I got these cookies from Cindy Hopper's lovely craft blog Skip to My Lou, and while she is not herself Australian, the recipe is. It's for something called ANZAC biscuits, and it stands for Australian and New Zealand Army Corps, the idea being that the cookies were sturdy enough to travel intact to far-away loved ones who were fighting in the war. I have to say, however, that I think this may be the recipe equivalent of the game telephone, since these cookies, while perfect, are somewhat fragile and don't seem like they would travel especially intactly. Nonetheless, their Australianness is preserved with the ingredient "Lyle's Golden Syrup." As the daughter of an English woman, I myself grew up with Lyle's Golden Syrup--a honey-colored, sugar-based stickiness-in-a-tin--and, until recently, it was the kind of thing you had to beg traveling relatives to bring home for you from abroad. Now, however, you can buy it in a plastic bottle in all kinds of American stores, and we get ours in the Whole Foods nearby. Cindy uses light corn syrup instead and, given her good taste, I trust that this is a perfectly acceptable substitution.
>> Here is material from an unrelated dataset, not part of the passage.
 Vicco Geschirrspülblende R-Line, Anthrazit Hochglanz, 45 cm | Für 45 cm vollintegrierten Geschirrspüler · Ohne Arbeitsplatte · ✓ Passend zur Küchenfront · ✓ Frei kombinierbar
Also, while I'm at being all English and everything, I should tell you my mum's theory about sickness: "A little of what you fancy does you good." Which explains why a cookie, while not exactly laden with vitamin C or zinc or antioxidants or codeine, can actually make a person feel much, much better.

This is Birdy in 2009. Sigh.
Perfect Oatmeal Cookies
Makes 3 dozen.
active time: 20 minutes; total time: 1 hour

Adapted from Cindy Hopper's ANZAC Biscuits recipe, and reprinted with her gracious permission. Please do note the low oven temperature.

Ingredients
1 cup rolled oats
3/4 cup sweetened, flaked coconut
1 cup flour (now, in 2014, I use half spelt, because that's how I roll these days)
1 cup sugar
1/2 teaspoon kosher salt (or half as much table salt)
1 stick butter (I use salted)
1 tablespoon Lyle's Golden Syrup (or light corn syrup)
1 teaspoon baking soda
2 tablespoons boiling water

Heat the oven to 300 and prepare a large cookie sheet: I cover mine with parchment paper for even browning and easy clean-up, but you could grease it instead. In a large bowl, stir together the oats, coconut, flour, sugar and salt. Meanwhile melt the butter and syrup together in a small pot over low heat. Stir the baking soda into the boiling water, then stir this into the butter and syrup and pour all of it over the dry ingredients. Stir well, then drop cookie-sized amounts (we use a heaping melon baller, which is about 2 teaspoons I think) onto the baking sheets, leaving plenty of space for them to spread.

Bake for 12-15 minutes, switching the pan around if you need to for even baking, until the cookies are golden all over and quite brown on the edges (keep an eye on them--they can burn quickly); the cookies will look puffy when you remove them from the oven, and then they will sink and go a bit lacy. Leave them on the cookie sheet for 3 or 4 minutes before removing them with a spatula to cool on a rack; if you go at them too early, they will fall all to pieces. Repeat: it will take 3 batches to get all the cookies baked. Yum.